The line connecting Goleszów and the steelworks in Ustroń was established in 1888 and belonged to Railways of Silesian and Galician Cities. Subsequent sections were built after World War I in the reborn Second Polish Republic - on 15th of March 1928, the section Ustroń - Polana (6.76 km long) was opened, on 10th of July 1929 Polana - Wisła (now Wisła Uzdrowisko, length 2.74 km) and on 11th of September 1933 Wisła - Wisła Głębce (5.2 km long). On the latter, the company of engineer Ksawery Goryanowicz in the years 1931 - 1933 built a seven-span concrete railway viaduct with a length of 122 meters and a maximum height of pillars of 25 meters. The line was to be extended to Zwardoń (via Koniaków), but the outbreak of World War II prevented the implementation of these plans.

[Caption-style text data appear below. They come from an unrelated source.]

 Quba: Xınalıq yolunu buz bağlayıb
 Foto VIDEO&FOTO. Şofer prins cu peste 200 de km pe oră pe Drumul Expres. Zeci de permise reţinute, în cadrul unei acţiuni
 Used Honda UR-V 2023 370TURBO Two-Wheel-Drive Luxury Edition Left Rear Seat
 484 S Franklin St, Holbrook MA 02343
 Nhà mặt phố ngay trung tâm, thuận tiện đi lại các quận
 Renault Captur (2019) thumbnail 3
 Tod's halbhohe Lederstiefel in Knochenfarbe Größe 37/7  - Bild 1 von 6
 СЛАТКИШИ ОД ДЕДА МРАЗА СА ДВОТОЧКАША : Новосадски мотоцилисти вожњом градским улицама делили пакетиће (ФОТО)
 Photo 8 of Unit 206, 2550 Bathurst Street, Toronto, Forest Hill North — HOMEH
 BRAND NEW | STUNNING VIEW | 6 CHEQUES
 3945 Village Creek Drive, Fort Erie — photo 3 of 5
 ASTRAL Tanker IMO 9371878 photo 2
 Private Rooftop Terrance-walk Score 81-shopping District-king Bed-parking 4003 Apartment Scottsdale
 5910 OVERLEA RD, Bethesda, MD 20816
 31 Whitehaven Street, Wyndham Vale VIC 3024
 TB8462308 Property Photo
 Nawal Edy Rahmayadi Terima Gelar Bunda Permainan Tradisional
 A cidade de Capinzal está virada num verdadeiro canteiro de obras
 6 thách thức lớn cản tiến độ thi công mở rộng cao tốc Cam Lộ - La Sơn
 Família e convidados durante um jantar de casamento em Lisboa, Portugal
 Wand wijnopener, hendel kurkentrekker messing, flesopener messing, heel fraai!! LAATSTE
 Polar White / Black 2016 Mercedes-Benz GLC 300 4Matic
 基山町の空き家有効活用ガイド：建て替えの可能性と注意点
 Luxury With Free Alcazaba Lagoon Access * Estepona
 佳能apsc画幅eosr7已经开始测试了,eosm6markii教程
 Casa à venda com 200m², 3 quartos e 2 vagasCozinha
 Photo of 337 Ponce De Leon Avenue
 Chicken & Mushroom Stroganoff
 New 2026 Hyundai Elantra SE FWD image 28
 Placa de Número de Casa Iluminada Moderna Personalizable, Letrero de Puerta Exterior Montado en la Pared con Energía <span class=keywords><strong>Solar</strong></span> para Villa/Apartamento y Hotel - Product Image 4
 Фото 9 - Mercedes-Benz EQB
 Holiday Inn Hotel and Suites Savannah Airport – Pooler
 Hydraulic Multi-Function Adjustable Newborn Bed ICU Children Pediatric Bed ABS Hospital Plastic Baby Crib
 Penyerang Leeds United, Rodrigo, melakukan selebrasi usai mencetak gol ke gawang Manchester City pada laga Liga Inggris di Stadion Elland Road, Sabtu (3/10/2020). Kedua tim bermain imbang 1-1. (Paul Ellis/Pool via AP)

After World War II, due to the destruction of the bridge over the Vistula River by the retreating German army, until 28th of May 1946, traffic on the line was carried out only to the stop in Obłaźec. The line was fully electrified in 1974 (in December 1974, the 5,000th kilometer of electrified lines in Poland was handed over).

Revitalization 

From March 2021 to November 2022, a comprehensive revitalization of the line was carried out. two new railway stations: Ustroń Brzegi and Wisła Jawornik, was opened on 11th of December 2022.